In the committee’s view, once Israel committed to using force it had two main options: deal a quick, painful blow to Hezbollah, or completely reshape southern Lebanon, “cleaning” it of Hezbollah’s infrastructure. Astoundingly, Israel never made the choice, and thus it lacked a cohesive war plan from the beginning. As it waffled, precious time passed, and the window for effectively carrying out either option closed.

Decision-makers were ill-informed and unqualified. Soldiers were ill-prepared. “Serious failings and flaws” plagued strategic thinking and planning by political and military leaders, the report says. “Severe failings and flaws” hampered defense of Israeli civilians.
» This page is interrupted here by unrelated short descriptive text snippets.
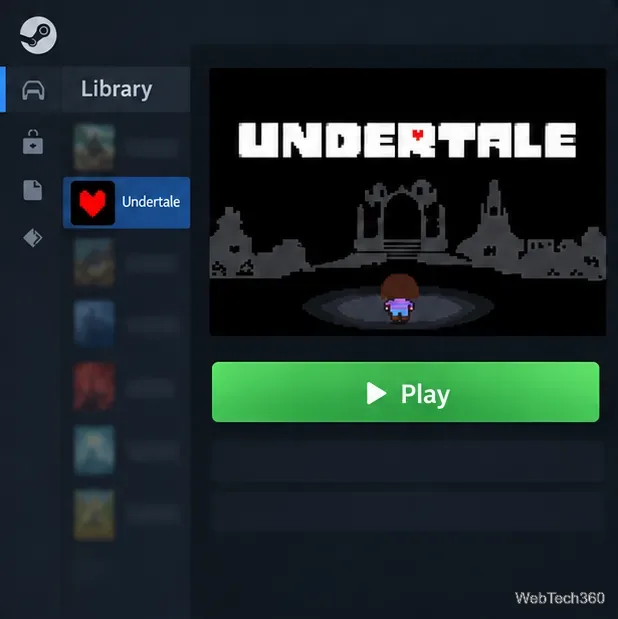 Página da Undertale na Biblioteca Steam com o botão Jogar disponível.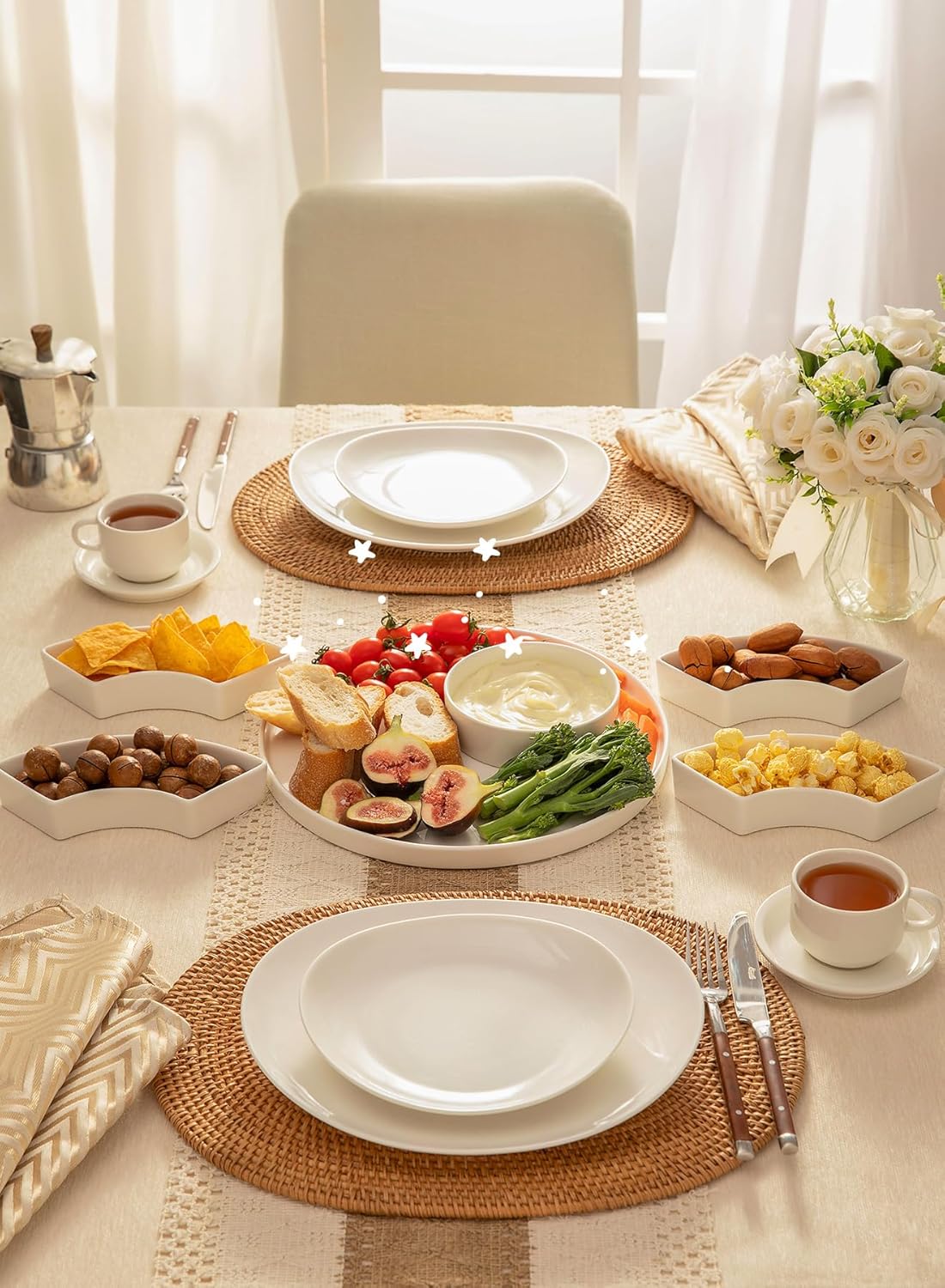 Sweese Porcelain Divided Serving Dishes, Relish Tray, Serving Bowls for Parties - Perfect for Chips and Dip, Veggies, Candy and Snacks, White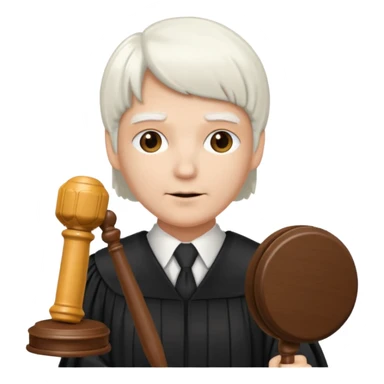 Judge with white wig and gavel sticker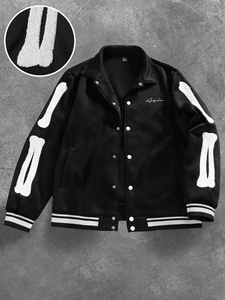 Veste universitaire personnalisée en polyester polaire, style baseball, streetwear, veste Letterman, pour hommes et femmes, veste bomber décontractée - Product Image 6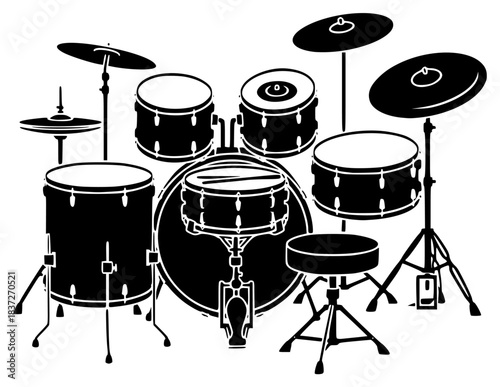 A black and white silhouette of a drum set, black, drum, drumstick, equipment, illustration, instrument, kit, profile, stool, against transparent background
Finally, Israel felt checkmated and put its faith in the international community to step in and bring the mess to a close.

Then, it was as the cease-fire was about to descend that Israel finally got around to staging a ground offensive. The timing was so clumsy that the quickly curtailed offensive served only to increase Israelis’ frustration and discouragement as 33 of their soldiers died without purpose.

“The overall image of the war was a result of a mixture of flawed conduct of the political and the military echelons and the interface between them, of flawed performance by the idf, and especially the ground forces, and of deficient Israeli preparedness,” the English summary of the report says. “At the end of the day, Israel did not gain a political achievement because of military successes; rather, it relied on a political agreement … [that] permitted it to stop a war which it had failed to win.” Thus, an ignominious end to a terribly executed war.

Hindsight confirms what events at the time already made plain enough: that subcontracting southern Lebanon to the United Nations was a debacle for Israel. International forces have done nothing to prevent Iran and Syria from rearming Hezbollah to levels greater than before the 2006 war—but they do prevent Israel from intervening. Another, perhaps even greater war appears imminent.

Ehud Olmert, however, seems safe—at least temporarily. Why? Caroline Glick noted that after Winograd’s interim report directly assigned blame to three individuals—Olmert, Amir Peretz (then defense minister), and Dan Halutz, the idf chief of staff—two of them, Peretz and Halutz, were forced to resign. “But Olmert held on and quietly conspired against his own committee,” she wrote, speaking of the fact that Olmert had commissioned the group to begin with. “With Olmert’s backing, the idf’s solicitor-general Col. Orna David repeatedly petitioned the Supreme Court and secured rulings prohibiting the Winograd Committee from recommending that Olmert or anyone else be compelled to resign for their dereliction of duty.”

Thus, it was no surprise that the final report took a circumspect approach toward the prime minister.

Still, the liberal press focused heavily the final report not singling out Olmert for blame, alleviating the pressure on him to step down.

Meanwhile, despite threats of departing Olmert’s coalition government and splintering his required majority in the Knesset, to this point other members of the government haven’t moved a muscle. Despite Ehud Olmert’s ruinous failures in that war and ever since, leading Israelis have simply closed ranks around him to protect him.

Why? Because if his coalition government falls apart, former Prime Minister Benjamin Netanyahu takes over.

In essence, Israel’s future sits poised between two options. Olmert wants to achieve peace through compromise. Netanyahu advocates a more confrontational approach toward terrorist enemies.

Liberal politicians, supported by liberal media—and at odds with much of the Israeli public—are firmly backing the first option.

This is dogged commitment to a rank lie. Every time the “peace process” has been pursued, it has produced disaster. In fact, it is biblically prophesied to be Israel’s undoing. Read our booklet Jerusalem in Prophecy to understand why.

But the inescapable reality, at this late stage, is that even a change to a Netanyahu government would not be sufficient to undo the damage that has been progressively done to the State of Israel over the 15 years since Oslo.

Israel desperately needs to put its hope in something more trustworthy.